→ **Dataset content**:
——

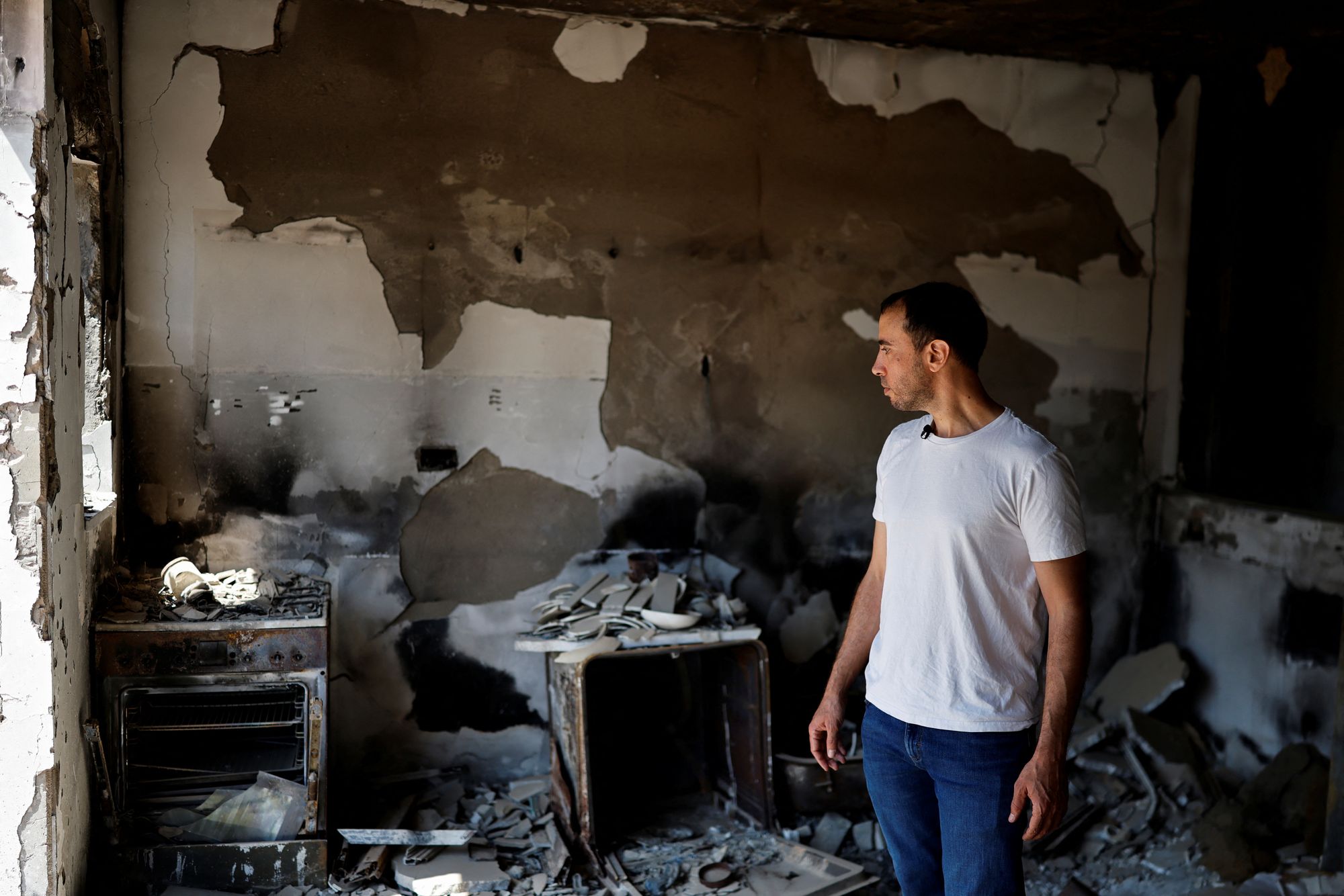 Tal Shoham looks at the damage to the home of his in-laws in Kibbutz Beeri.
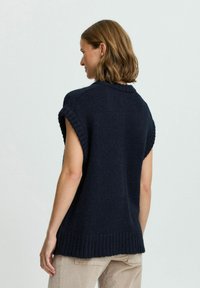 Marineblauer Strickpullover mit kurzen Ärmeln, geripptem Ausschnitt und Saum sowie strukturiertem Stoff. Von hinten gezeigt, kombiniert mit hellen Hosen.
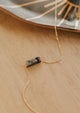 A black stone necklace created by Hello Adorn, a gemstone attached to a gold dainty chain to create the Gemma necklace.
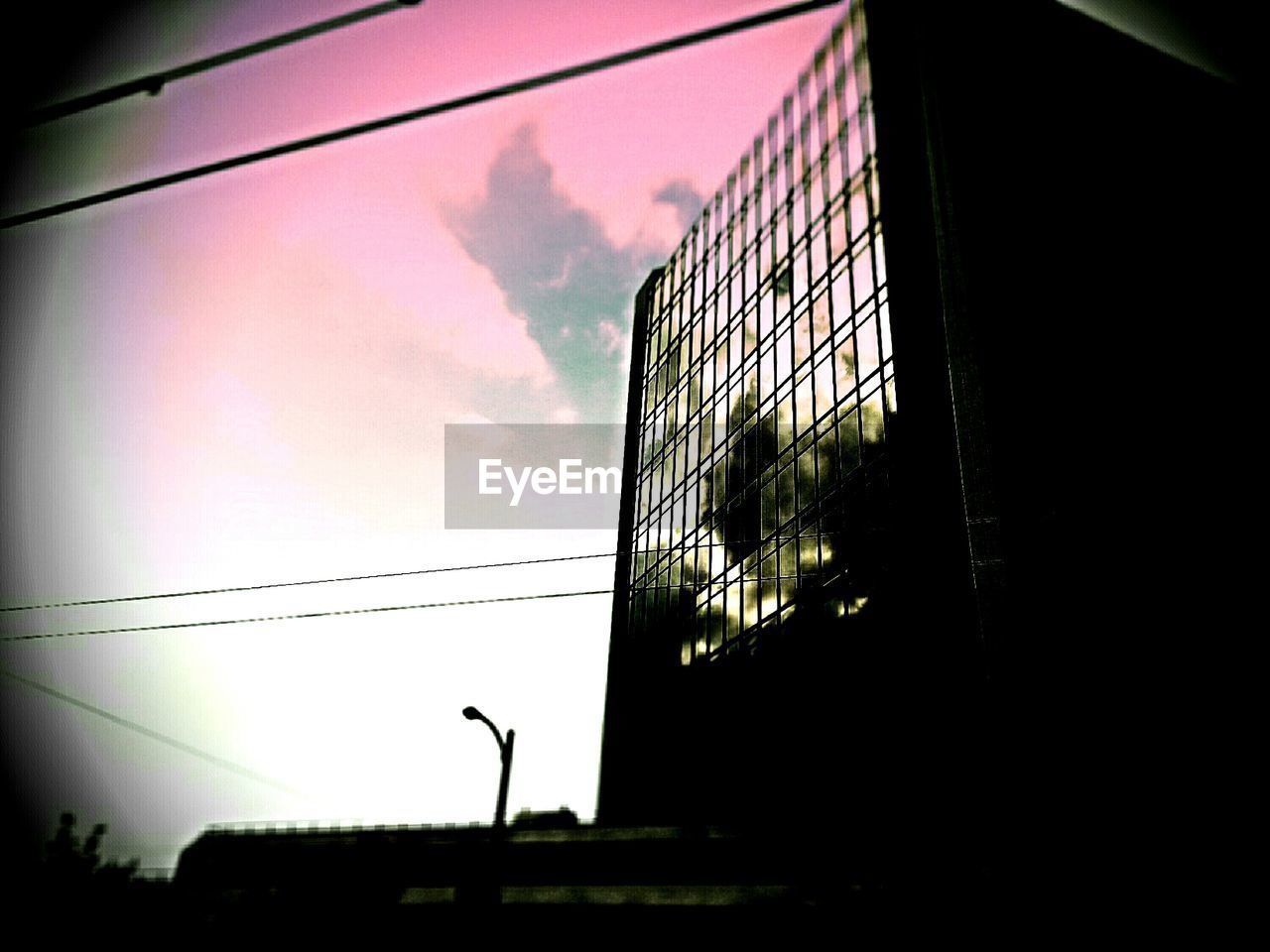 LOW ANGLE VIEW OF MODERN BUILDINGS AGAINST SKY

——

→ **Task statement**:
Skip the pictures. Return exactly the lines from the one containing "Marineblauer Strickpullover mit" through the end of the data above, both included, and nothing besides.

→ **Answer box**:
 Marineblauer Strickpullover mit kurzen Ärmeln, geripptem Ausschnitt und Saum sowie strukturiertem Stoff. Von hinten gezeigt, kombiniert mit hellen Hosen.
 A black stone necklace created by Hello Adorn, a gemstone attached to a gold dainty chain to create the Gemma necklace.
 LOW ANGLE VIEW OF MODERN BUILDINGS AGAINST SKY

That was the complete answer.